Come to that, the core premise, rationality itself --- construed without taking into account the emotional side of our lives as influencing our motives in decision-making of all sorts --- has come under more and more challenge too.

..

8) Enter a more general point by way of illustration . . . this time in a realm I specialized in as a scholar --- the decision to go to war, deterrence theory, coercive diplomacy, and the like.

As it happens, such narrowly conceived cognitive approaches bereft of emotional content as powerful influences on those decisions turn out to be usually misleading when judged against the historical record.

Among those shaping emotional influences?

Fear, anger, denigration of the adversary as morally inferior, overconfidence in one’s judgment, selective and biased decision-making rooted in powerfully defended beliefs and the like --- not to mention group-think concerns --- usually come into play.

The "best-case" assumptions that entered into the closed, narrow group-think that motivated the Bush-W decisions about the very favorable nature of occupied, post-Saddam Iraq in 2003 are, alas, a very costly, very up-to-date example.

....

Michael Gordon, AKA, the buggy professor

At 11/02/2008 12:44 PM,  Anonymous said...

Ad Case 1: Well, actually the weight of your vote is not derived from the number of voters but from the difference between both candidates.

Even if there is billion voters, your vote has big weight, when both candidates have same number votes (tie, 50:50)

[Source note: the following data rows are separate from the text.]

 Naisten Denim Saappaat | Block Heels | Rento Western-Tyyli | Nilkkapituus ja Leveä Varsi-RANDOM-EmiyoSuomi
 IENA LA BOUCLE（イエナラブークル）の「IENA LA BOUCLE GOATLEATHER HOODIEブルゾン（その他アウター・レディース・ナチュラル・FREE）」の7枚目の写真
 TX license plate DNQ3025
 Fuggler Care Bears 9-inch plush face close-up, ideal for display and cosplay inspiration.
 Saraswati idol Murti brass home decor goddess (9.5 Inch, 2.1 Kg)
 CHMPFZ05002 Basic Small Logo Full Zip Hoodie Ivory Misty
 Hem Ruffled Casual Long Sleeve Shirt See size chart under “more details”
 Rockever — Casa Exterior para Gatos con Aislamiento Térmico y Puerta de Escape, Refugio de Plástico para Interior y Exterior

At 11/03/2008 11:06 AM,  Todd said...

There are larger issues to consider:

Someone who believes in a democratic system may care about more than getting his own way on specific issues or candidates. It can be argued that people who become part of the process by voting are less likely to feel disenfranchised even when their side doesn't win. If you support democracy, you might encourage more people to vote in order to increase popular buy-in to the process and reduce the chances of unrest that would threaten the institution. If you believe that you personally will be better off in a stable political system, then it might be in your best interest to promote voting among a wide group of your fellow citizens.

At 11/03/2008 12:33 PM,  Kevin Murphy said...

I don't want my vote to have the biggest statistical effect, I want my preferences in policians to win the vote. Therefore, I try to get the most people to vote for my preferences.

I'm still strictly rational and self-interested, but I focus on what's important.